Os redactores do catálogo organizado pela Sociedade Nacional de História sublinharam a vertente nacionalista da Oriente, encarando-a como uma característica positiva da publicação na qual colaboraram, em nome da causa colonialista, personalidades como «Dr. Osório de Castro, Roçadas, Ismael e Amâncio Garcia, Carmo Nazareth, Herculano de Moura, Dr. Luis da Cunha Gonçalves, Ferreira Martins, Tavares de Mello, etc»212

O penúltimo nome citado também escreveu um artigo para a revista dirigida por Fidelino de Figueiredo, confirmando o relativo afunilamento do meio redactorial e intelectual português metropolitano e ultramarino no dealbar de novecentos, bem como as relações estreitas entre intelectuais de um lado e de outro do mundo, nos espaços europeu e asiático. Esta proximidade pode derivar de uma partilha de práticas historiográficas comuns, assentes na publicação de documentos escritos, desiderato que unia o Oriente ao Arquivo Histórico Português.

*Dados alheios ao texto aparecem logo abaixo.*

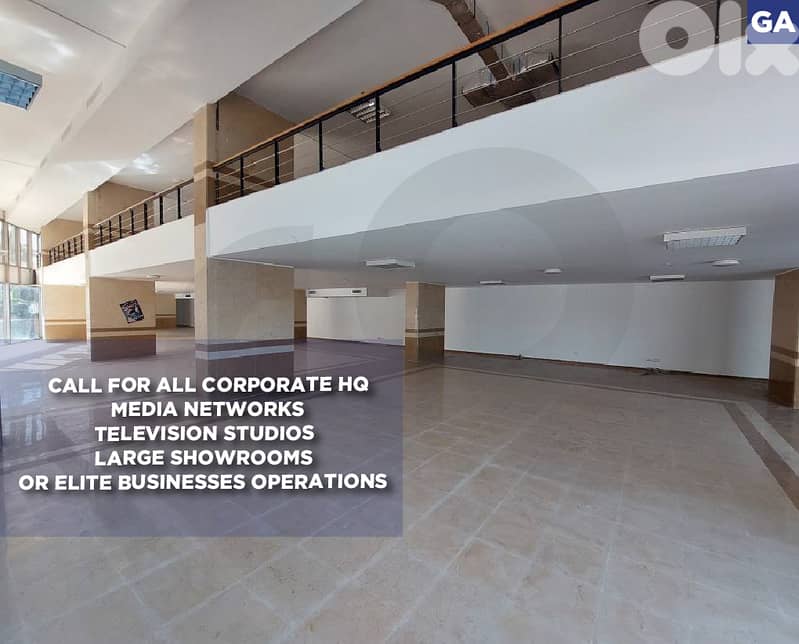 Flagship 2,950 SQM Corporate Building for Rent – Mkalles REF#GA128601 0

Enquanto este estava suspenso aquele manteve a sua actividade, sendo encarado, nessa matéria e de modo implícito, como exemplo a seguir. Para mais, nele também eram acarinhadas ciências auxiliares da História.

Esse mesmo procedimento constituiu a base da publicação de um periódico não dedicado prioritariamente à arqueologia − ao contrário do que acontecia na Revista

Oriente − mas incidente sobre a Genealogia, intitulado sugestiva e denotativamente

211 Ibid. 212 Ibid.

Tombo Histórico e Genealógico de Portugal, dirigido por um eminente colaborador da Revista de História, Afonso D’ Ornelas e por A. Gusmão Navarro, ostentando as

dimensões físicas mais generosas dentre todas as publicações consignadas à História (38 cm de largura por 25 de cumprimento, provavelmente com o propósito de mimetizar a fisionomia de nobiliários e de assentos relativos a matérias do foro genealógico). A assinatura anual custava dois escudos e setecentos. A brochura em análise dedica um espaço reduzido a este periódico, fazendo sobre ele breve apreciação, na qual destaca, genericamente e sem qualquer especificação, o respectivo valor intrínseco ou o carácter luxuoso da sua aparência física: «Publica-se em fasciculos de 16 páginas, desde 1 de Julho de 1911, sem periodicidade certa. É seu fim principal a publicação de trabalhos de Genealogia e Heraldica e também de História geral. Insere gravuras e a partir do numero 13 em todas as paginas ostenta vinhetas imitando gravura antiga em madeira. Nesta luxuosa revista, collaboraram principalmente, além dos seus directores, os senhores Luiz de Bettencourt, Jacinto de Bettencourt, Visconde de Faria, Nogueira de Brito, Mancellos Sampaio e Costa Veiga. Além do seu valor intrinseco, tem o merecimento do seu luxuoso apparato material, que os seus directores cada vez mais aperfeiçoam»213.